FREE-AIR CARBON DIOXIDE ENRICHMENT (FACE) EFFECTS ON THE ENERGY BALANCE AND EVAPOTRANSPIRATION OF SORGHUM

Authors: TRIGGS, JONATHAN - UNIV OF ARIZONA; Kimball, Bruce; Pinter Jr, Paul; Wall, Gerard - Gary; Conley, Matthew; BROOKS, TALBOT - ARIZONA STATE UNIV; LAMORTE, ROBERT - USWCL, PHOENIX AZ; Adam, Neal; OTTMAN, MICHAEL - UNIV OF ARIZONA; MATTHIAS, ALLAN - UNIV OF ARIZONA; LEAVITT, S - UNIV OF ARIZONA; CERVENY, R - ARIZONA STATE UNIV

Submitted to: Agricultural and Forest Meteorology
Publication Type: Peer Reviewed Journal
Publication Acceptance Date: 1/13/2004
Publication Date: 6/1/2004
Citation: Triggs, J.M., Kimball, B.A., Pinter Jr, P.J., Wall, G.W., Conley, M.M., Brooks, T.J., Lamorte, R.L., Adam, N.R., Ottman, M.J., Matthias, A.D., Leavitt, S.W., Cerveny, R.S. 2004. Free-air carbon dioxide enrichment effects on the energy balance and evapotranspiration of sorghum. Agricultural and Forest Meteorology. 124:63-79

Interpretive Summary: Previous studies conducted mostly using chambers have found evidence that the increasing atmospheric CO2 concentration may change the amount of water used by plants. Such a change in plant water use could impact regional water supplies and require farm managers to modify their management practices. In order to determine the magnitude of such changes under field conditions, plots of sorghum were exposed to elevated CO2 concentrations using free-air CO2 enrichment (FACE) apparatus. Devoid of walls, the FACE approach is the most natural technique available to conduct such research. Data were collected for two growing seasons at ample water and limited levels of water supply. The FACE treatment increased daytime foliage temperatures about 1.7 degrees C (3.1 degrees F) at ample water, which suggests optimal regions for sorghum production could shift in the future due to the elevated CO2 alone, regardless of any climate change. Daily evapotranspiration was consistently lower in the amply irrigated FACE plots, by about 13%, whereas there was little consistent change in the limited-water plots. These results suggest that future water use requirements will decrease slightly provided that future changes in climate are not adverse.

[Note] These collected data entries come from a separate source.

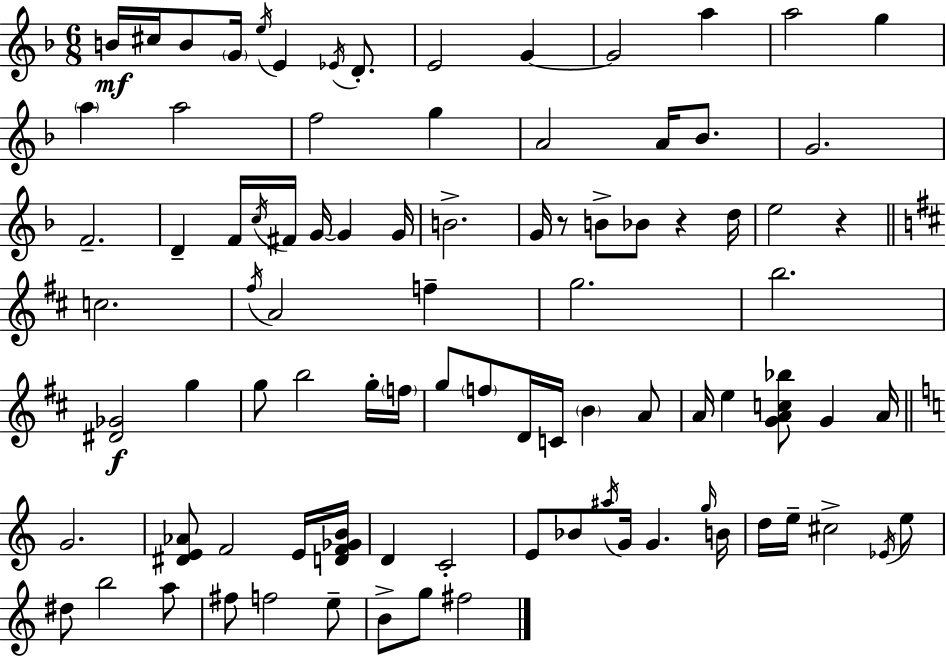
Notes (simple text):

B4/s C#5/s B4/e G4/s E5/s E4/q Eb4/s D4/e. E4/h G4/q G4/h A5/q A5/h G5/q A5/q A5/h F5/h G5/q A4/h A4/s Bb4/e. G4/h. F4/h. D4/q F4/s C5/s F#4/s G4/s G4/q G4/s B4/h. G4/s R/e B4/e Bb4/e R/q D5/s E5/h R/q C5/h. F#5/s A4/h F5/q G5/h. B5/h. [D#4,Gb4]/h G5/q G5/e B5/h G5/s F5/s G5/e F5/e D4/s C4/s B4/q A4/e A4/s E5/q [G4,A4,C5,Bb5]/e G4/q A4/s G4/h. [D#4,E4,Ab4]/e F4/h E4/s [D4,F4,Gb4,B4]/s D4/q C4/h E4/e Bb4/e A#5/s G4/s G4/q. G5/s B4/s D5/s E5/s C#5/h Eb4/s E5/e D#5/e B5/h A5/e F#5/e F5/h E5/e B4/e G5/e F#5/h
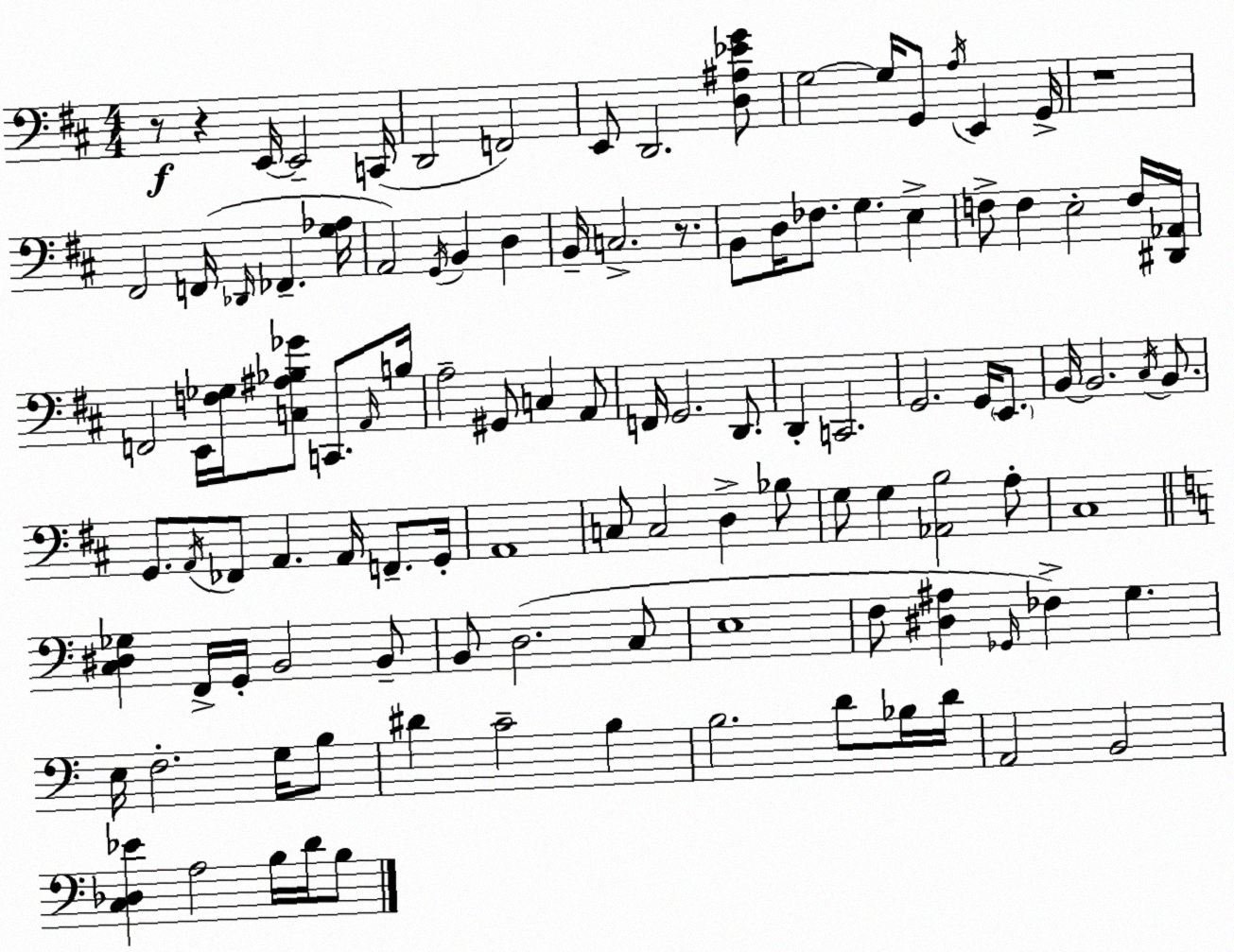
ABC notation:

X:1
T:Untitled
M:4/4
L:1/4
K:D
z/2 z E,,/4 E,,2 C,,/4 D,,2 F,,2 E,,/2 D,,2 [D,^A,_EG]/2 G,2 G,/4 G,,/2 A,/4 E,, G,,/4 z4 ^F,,2 F,,/4 _D,,/4 _F,, [G,_A,]/4 A,,2 G,,/4 B,, D, B,,/4 C,2 z/2 B,,/2 D,/4 _F,/2 G, E, F,/2 F, E,2 F,/4 [^D,,_A,,]/4 F,,2 E,,/4 [F,_G,]/4 [C,^A,_B,_G]/2 C,,/2 A,,/4 B,/4 A,2 ^G,,/2 C, A,,/2 F,,/4 G,,2 D,,/2 D,, C,,2 G,,2 G,,/4 E,,/2 B,,/4 B,,2 ^C,/4 B,,/2 G,,/2 A,,/4 _F,,/2 A,, A,,/4 F,,/2 G,,/4 A,,4 C,/2 C,2 D, _B,/2 G,/2 G, [_A,,B,]2 A,/2 ^C,4 [C,^D,_G,] F,,/4 G,,/4 B,,2 B,,/2 B,,/2 D,2 C,/2 E,4 F,/2 [^D,^A,] _G,,/4 _F, G, E,/4 F,2 G,/4 B,/2 ^D C2 B, B,2 D/2 _B,/4 D/4 A,,2 B,,2 [C,_D,_E] A,2 B,/4 D/4 B,/2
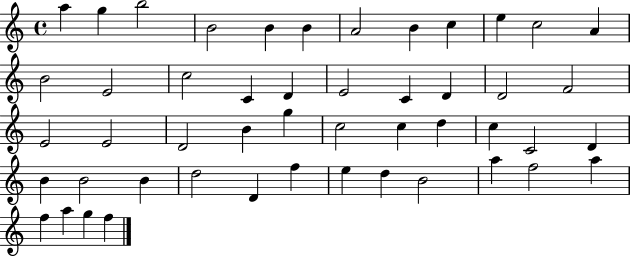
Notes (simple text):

A5/q G5/q B5/h B4/h B4/q B4/q A4/h B4/q C5/q E5/q C5/h A4/q B4/h E4/h C5/h C4/q D4/q E4/h C4/q D4/q D4/h F4/h E4/h E4/h D4/h B4/q G5/q C5/h C5/q D5/q C5/q C4/h D4/q B4/q B4/h B4/q D5/h D4/q F5/q E5/q D5/q B4/h A5/q F5/h A5/q F5/q A5/q G5/q F5/q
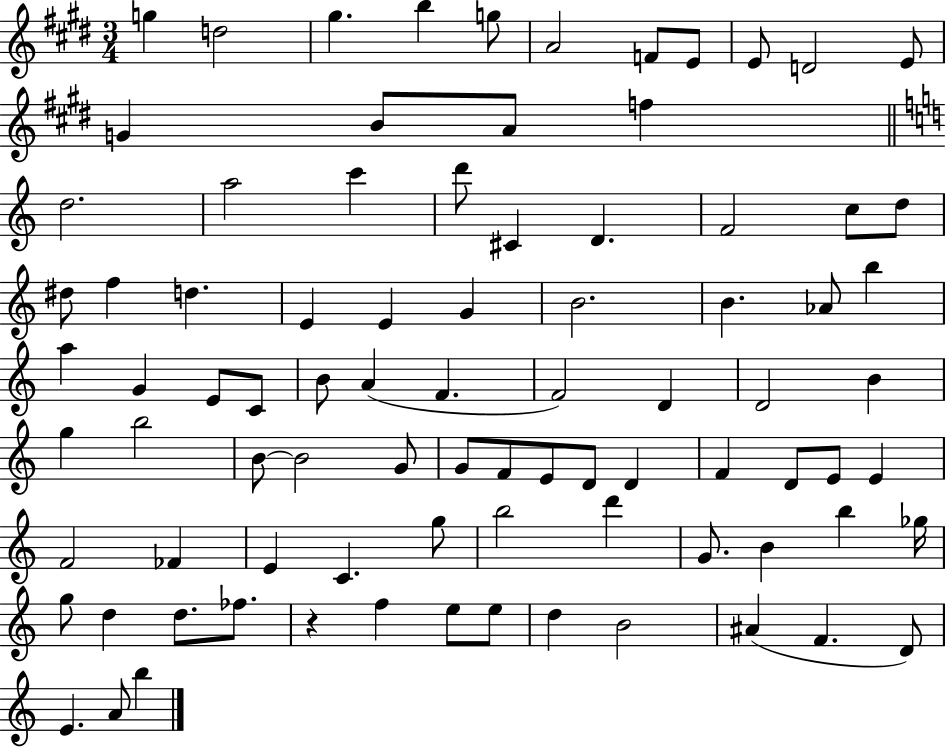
{
  \clef treble
  \numericTimeSignature
  \time 3/4
  \key e \major
  g''4 d''2 | gis''4. b''4 g''8 | a'2 f'8 e'8 | e'8 d'2 e'8 | \break g'4 b'8 a'8 f''4 | \bar "||" \break \key a \minor d''2. | a''2 c'''4 | d'''8 cis'4 d'4. | f'2 c''8 d''8 | \break dis''8 f''4 d''4. | e'4 e'4 g'4 | b'2. | b'4. aes'8 b''4 | \break a''4 g'4 e'8 c'8 | b'8 a'4( f'4. | f'2) d'4 | d'2 b'4 | \break g''4 b''2 | b'8~~ b'2 g'8 | g'8 f'8 e'8 d'8 d'4 | f'4 d'8 e'8 e'4 | \break f'2 fes'4 | e'4 c'4. g''8 | b''2 d'''4 | g'8. b'4 b''4 ges''16 | \break g''8 d''4 d''8. fes''8. | r4 f''4 e''8 e''8 | d''4 b'2 | ais'4( f'4. d'8) | \break e'4. a'8 b''4 | \bar "|."
}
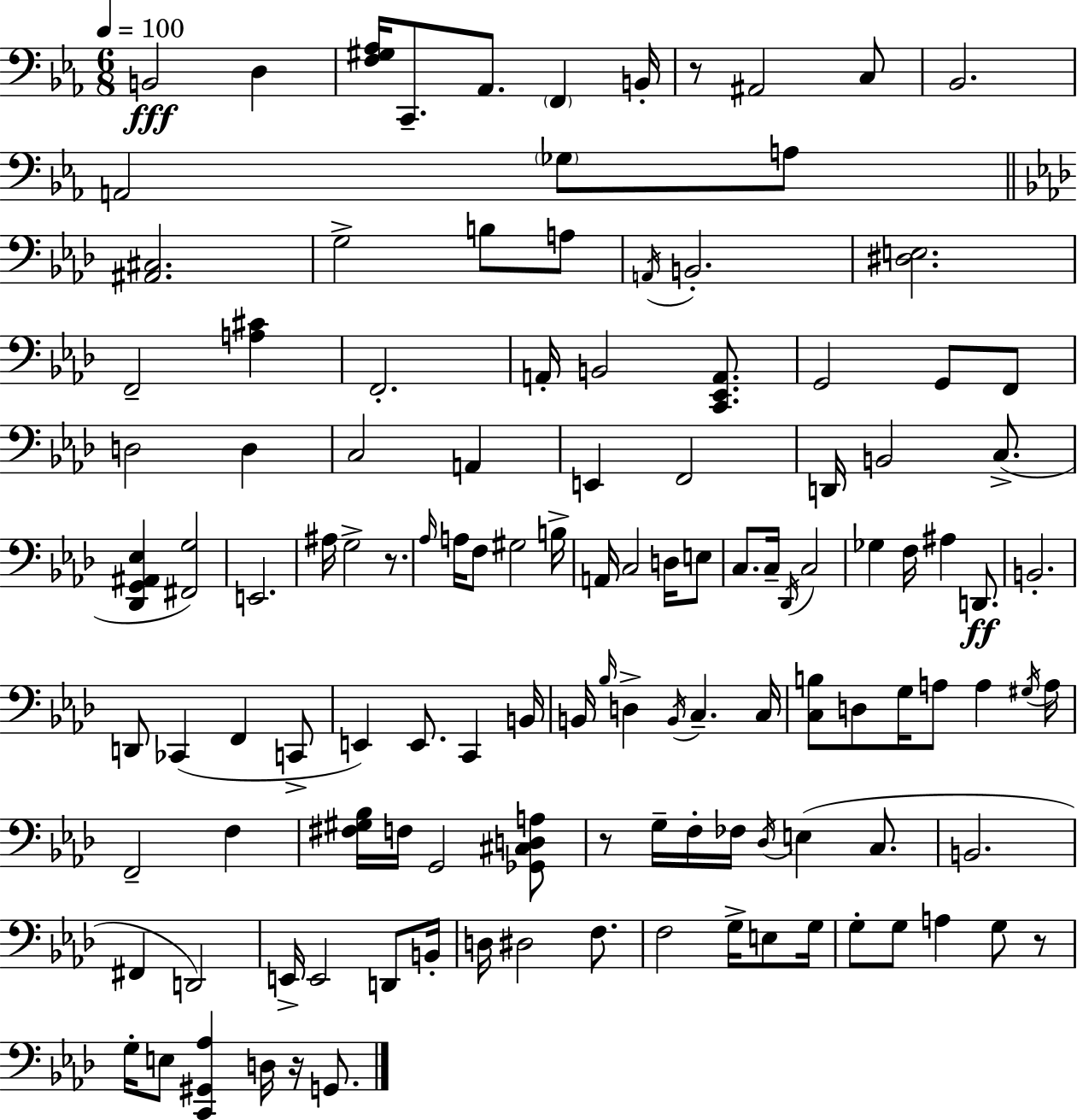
B2/h D3/q [F3,G#3,Ab3]/s C2/e. Ab2/e. F2/q B2/s R/e A#2/h C3/e Bb2/h. A2/h Gb3/e A3/e [A#2,C#3]/h. G3/h B3/e A3/e A2/s B2/h. [D#3,E3]/h. F2/h [A3,C#4]/q F2/h. A2/s B2/h [C2,Eb2,A2]/e. G2/h G2/e F2/e D3/h D3/q C3/h A2/q E2/q F2/h D2/s B2/h C3/e. [Db2,G2,A#2,Eb3]/q [F#2,G3]/h E2/h. A#3/s G3/h R/e. Ab3/s A3/s F3/e G#3/h B3/s A2/s C3/h D3/s E3/e C3/e. C3/s Db2/s C3/h Gb3/q F3/s A#3/q D2/e. B2/h. D2/e CES2/q F2/q C2/e E2/q E2/e. C2/q B2/s B2/s Bb3/s D3/q B2/s C3/q. C3/s [C3,B3]/e D3/e G3/s A3/e A3/q G#3/s A3/s F2/h F3/q [F#3,G#3,Bb3]/s F3/s G2/h [Gb2,C#3,D3,A3]/e R/e G3/s F3/s FES3/s Db3/s E3/q C3/e. B2/h. F#2/q D2/h E2/s E2/h D2/e B2/s D3/s D#3/h F3/e. F3/h G3/s E3/e G3/s G3/e G3/e A3/q G3/e R/e G3/s E3/e [C2,G#2,Ab3]/q D3/s R/s G2/e.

Technical Abstract: The effects of atmospheric carbon dioxide (CO2) enrichment on the energy balance and evapotranspiration (ET) of sorghum were determined using a residual energy balance approach. During the summer and autumn of 1998 and 1999, sorghum (Sorghum bicolor (L.) Möench) was grown under Free-Air CO2 Enrichment (FACE) conditions near Maricopa, Arizona. Relative differences in latent heat flux (LET) were estimated by subtracting soil heat flux (Go) and sensible heat flux (H) from net radiation (Rn) values in both Control CO2 plots (about 370 umol mol-1) and FACE plots (Control + 200 umol mol-1). Rn was observed using net radiometers. Go was measured with soil heat flux plates at a depth of 10 mm, then corrected for heat storage above the plates. H was determined using measurements of air temperature from aspirated psychrometers, leaf temperature from infrared thermometers, and wind data from a three-cup anemometer. Both FACE and Control plots were divided into semicircular halves to allow a well-watered (Wet) treatment and a drought-stressed (Dry) treatment. This allowed comparisons of the FACE effect on ET in normal and water-stressed conditions. Under Wet conditions, FACE decreased LET by 13.8% in 1998 and 11.8% in 1999, with standard errors (SE) of 1.8% and 1.9%, respectively. Drought-stress resulted in a reduction in LET of 8.5% (SE 3.7%) for the FACE treatments in 1998, but an increase in LET of 10.5% (SE 5.1%) in 1999. These data suggest that soil water availability may be a determining factor for the FACE effect. When soil water was readily available, midday leaf temperatures in the FACE plots were increased by 1.47 oC (SE 0.09 oC) in 1998, and 1.85 oC (SE 0.20 oC) in 1999. Increased foliage temperatures are an indication of increased stomatal resistance due to CO2 enrichment. In the Dry treatments, soil water was depleted more quickly in the Control plots, resulting in a reduction in transpiration relative to the FACE plots. Decreased transpiration caused average midday foliage temperatures and, consequently, H to be higher in the Control-Dry treatments in 1999. This accounts for the relative increase in LET in 1999 FACE-Dry. In 1998, the Dry plots received more irrigation water than planned, resulting in slightly warmer midday leaf temperatures in FACE than Control.